Soon after Mubarak's fall on February 11, 2011, the MoEE, then operating under the Supreme Council of the Armed Forces (SCAF), the military junta that ruled Egypt after his departure, said that four of the power stations would be built, beginning with a 1,200MW light-water reactor at the El-Dabaa site. In spite of this, the plan was quickly frozen during the chaotic, catastrophically cash-poor transition, and as part of the worldwide reaction to the Fukushima nuclear catastrophe that followed the earthquake and tsunami on March 11, 2011 off the coasts of Japan. In addition, in January 2012, in a show of local resistance, mobs of protesters, demanding that the plant be relocated away from the area, attacked the construction site; at the same time, "radioactive materials" were stolen from the property. Then, on June 19, 2012, just before the final count of ballots for the second round of the presidential election, the project was tentatively approved again. Nonetheless, no known further action to implement it has been taken so far (although the nti.org analysis assumes it will proceed).
AN ASTONISHING CONSENSUS
All that is really lacking now is the money—and for Mursi to make public his decision.

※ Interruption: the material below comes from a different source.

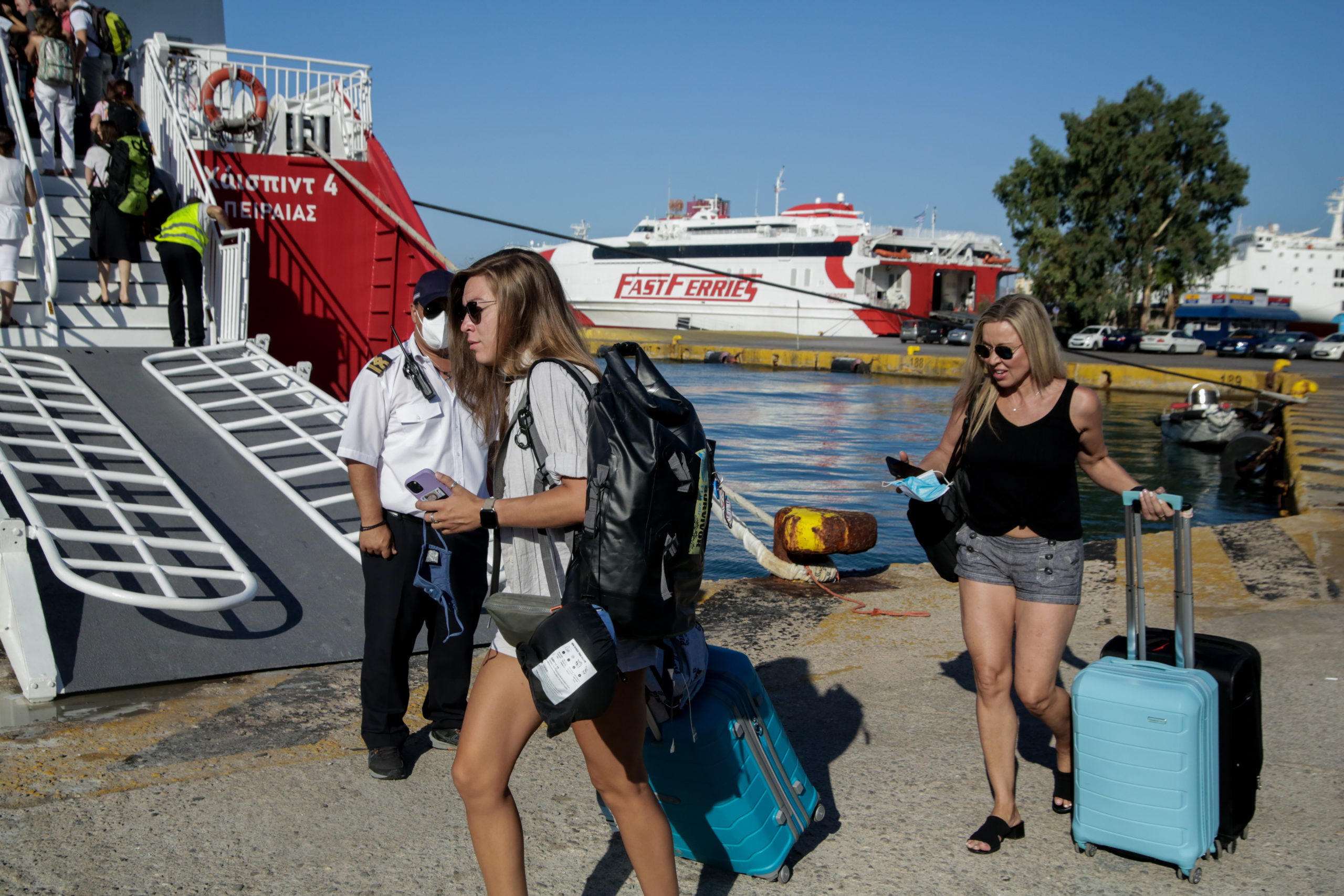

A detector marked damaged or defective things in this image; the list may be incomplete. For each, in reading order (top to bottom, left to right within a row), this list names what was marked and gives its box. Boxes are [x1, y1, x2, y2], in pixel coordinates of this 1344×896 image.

rusty bollard [773, 504, 878, 567] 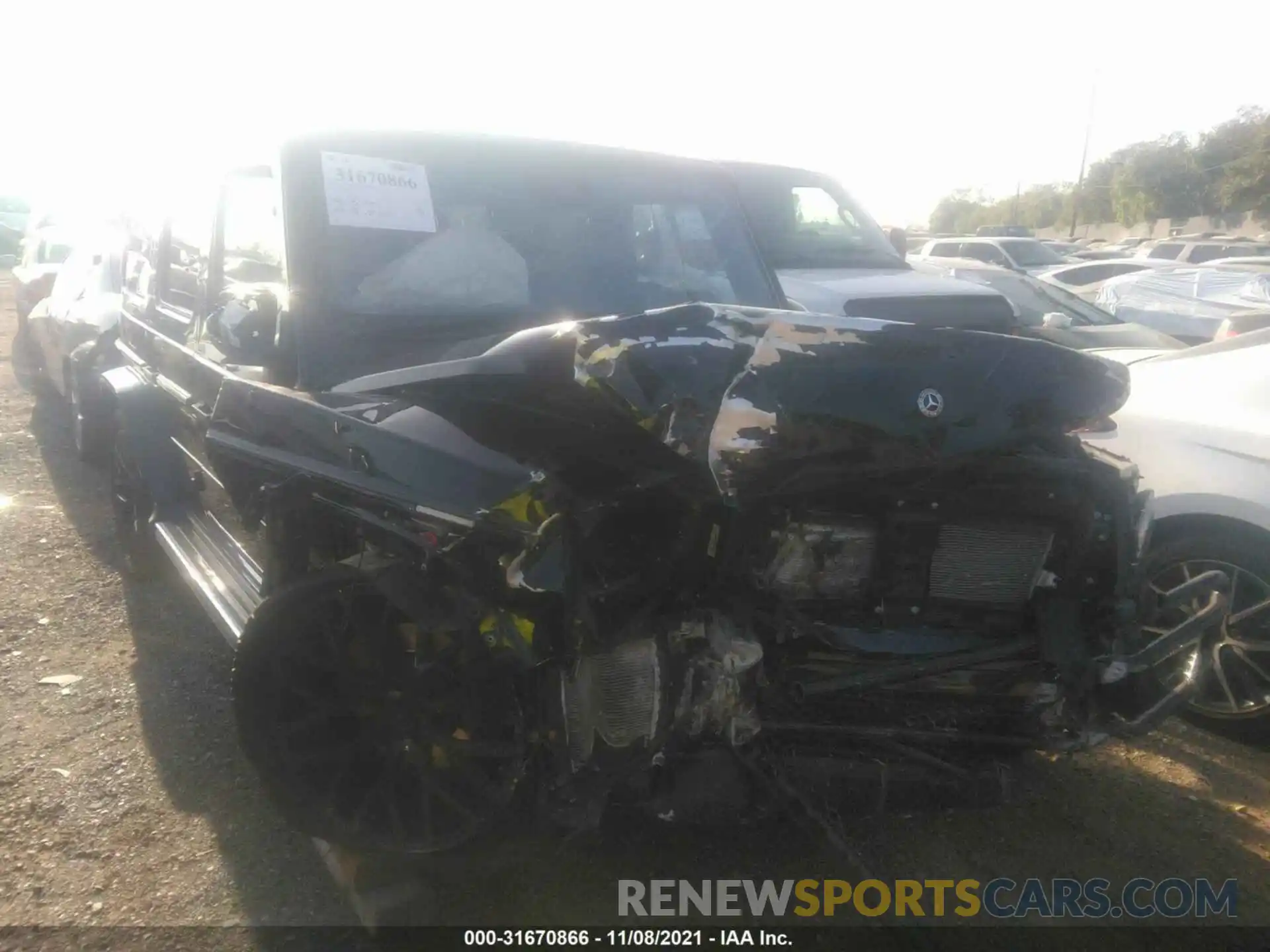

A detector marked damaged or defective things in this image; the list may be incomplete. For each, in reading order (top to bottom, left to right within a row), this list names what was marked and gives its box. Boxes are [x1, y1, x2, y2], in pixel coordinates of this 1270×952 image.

But an astonishing consensus of media, government policy and expert opinion holds that, with tourism and investment at dismal lows, and vital foreign reserves rapidly nearing zero, Mursi will not choose to spend the large sums needed on the El-Dabaa plant. (The estimated cost of the four plants in the MoEE plan is $1.5 billion). Even with pledges of several billion dollars from Saudi Arabia and Qatar; a potential IMF loan ranging from $3.2 billion-to-$4.8 billion, and U.S. aid possibly to increase greatly beyond its current annual $1.5 billion in (mainly military), unless China accepts Mursi's $3 billion request, supposedly Egypt is so impaired economically that it simply cannot afford the dubious luxury of nuclear pretensions.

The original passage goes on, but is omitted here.